Friday, September 07, 2007

How does COM know?

If you call an a non-blocking method on a COM object that's in a different apartment and you need to receive callbacks, you need to sit in a message pump of some kind. That fact is written in a few different blogs, but what I didn't understand until today is: why does that work? How is COM connected to the message pump?

First let's pull apart that statement with some basics:
  • Single-Threaded Apartment (STA) basically puts boundaries around sets of objects that are similar to the boundaries around a process. When calling between the apartments (sets of COM objects) we use an RPC mechanism instead of a direct function call.
  • There is a 1:1 correspondence between threads and apartments, and a 1:1 correspondence between threads and their message queues. Thus there is an appropriate message queue for each apartment, and posting to that queue will assure which thread gets the message.
  • RPCs are thus implemented by posting messages to the queue of the thread we're trying to reach. We then poll our own message queue until we get some kind of "reply" indicating the RPC has done. This looks like a blocking function call to client code.
In order for this to work, the thread in the apartment we are calling into must itself be waiting on a message queue. This would be the case if it is either (1) really bored and just querying the message queue or (2) it is itself blocked on a method call into another apartment, and is thus polling its queue to find out if its own RPC is done.
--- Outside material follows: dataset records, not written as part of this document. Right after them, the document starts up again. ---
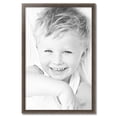 thumbnail image 2 of ArtToFrames 26" x 40" Muted Silver Picture Frame, 26x40 inch Silver Wood Poster Frame (WOM-4626),  Pack, 2 of 8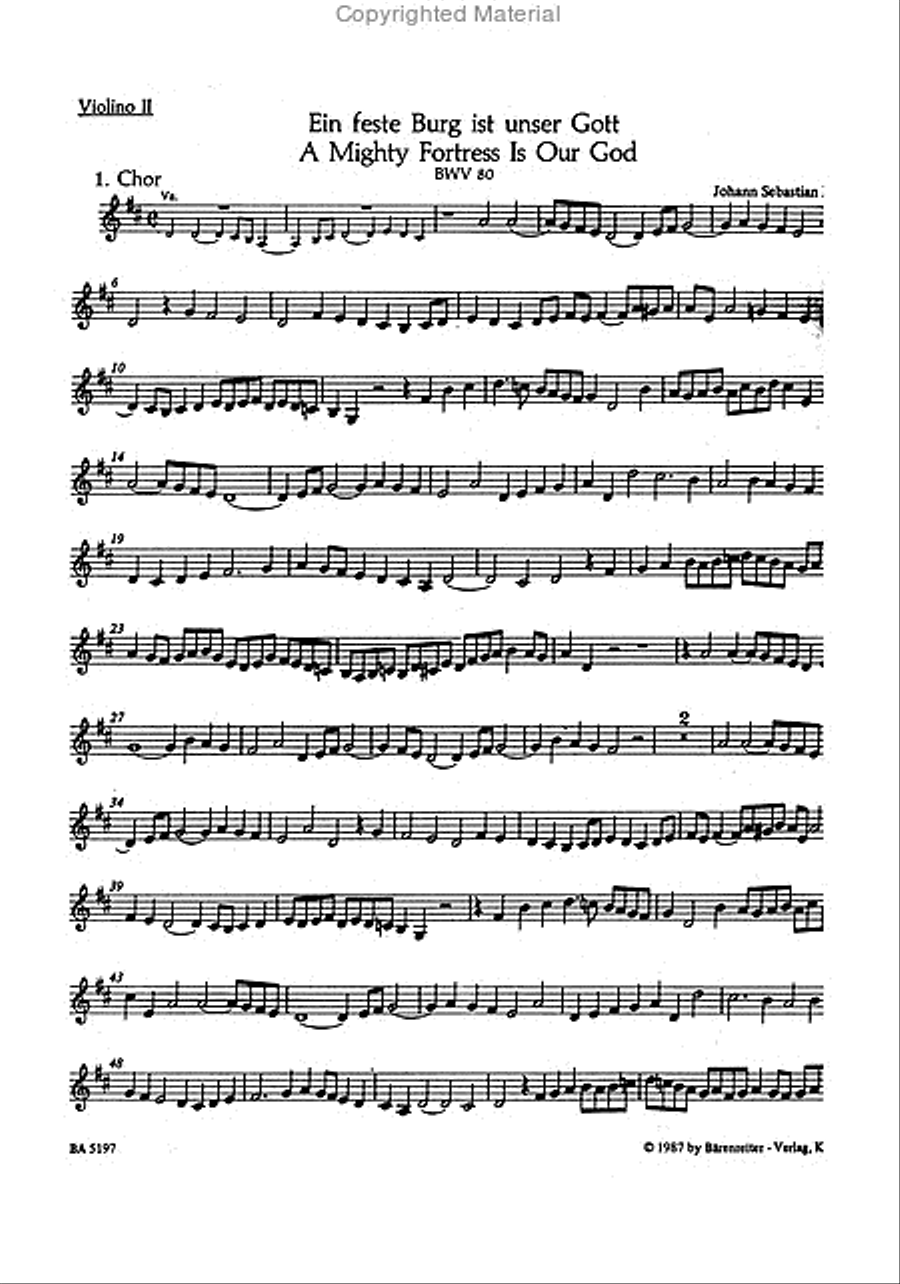 A Mighty Fortress is Our God, BWV 80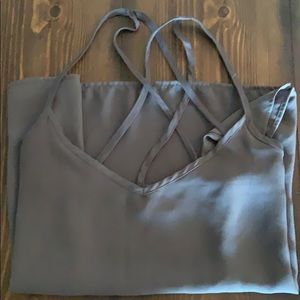 Grey hollister tank top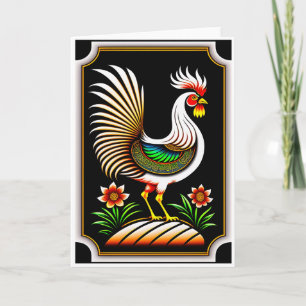 Chinesisches Neujahrs-Grüßekarte Hahn Karte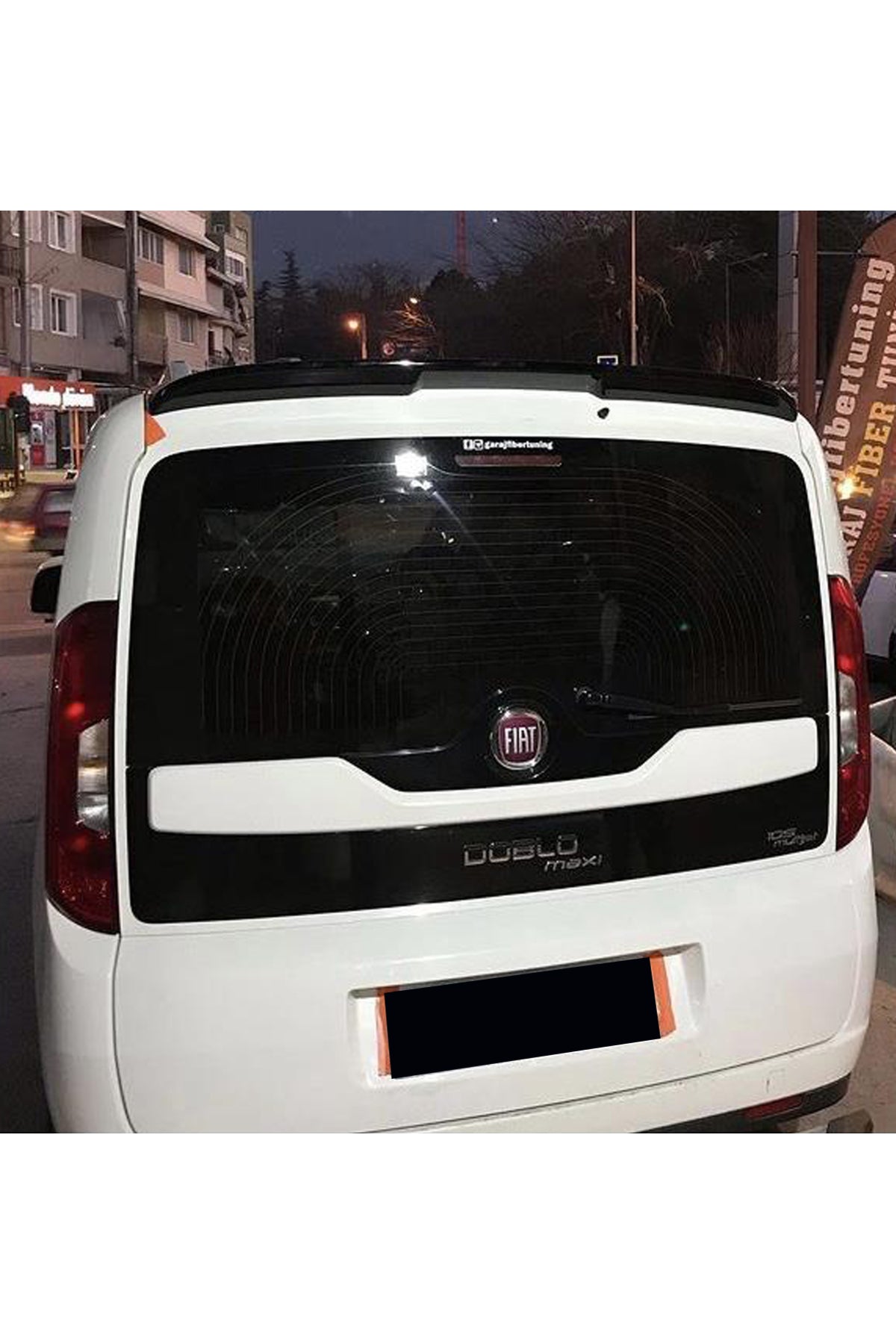 Fiat Doblo 2011-2023 PİANO BLACK Spoiler 4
If this all seems like insanity to you, well, it is.

Now when I say "non-blocking" method call, what I really mean is: a method call that returns really fast but starts some work to be completed later.

Normally when a thread is blocked because it made an RPC into another apartment, that apartment can call right back because the same polling of the message queue to discover that the RPC is over allows other methods to be called. This simply means that the flow of code between COM objects can ignore STA when all method calls are "blocking".

But as soon as we have a non-blocking call, there is no guarantee that the client code is actually listening for method calls into its apartment. (By the rules of STA, if the thread is doing stuff, no calls CAN happen, because one thread per apartment.)

Typically client code will make the async call, maybe make a few, and then do some kind of blocking until we're done..for example, we might call WaitForMultipleObjects.

In this case the right thing to do is MsgWaitForMultipleObjects (followed by GetMessage/DispatchMessage if we get woken up for a message). This way while our thread is doing nothing, other apartments can call us back.

This works because the thread, message queue, and apartment are all 1:1 relationships. So to say "this thread needs to be open to COM RPCs" all we need to say is "this thread needs to block on its own message queue", which is done with GetMessage.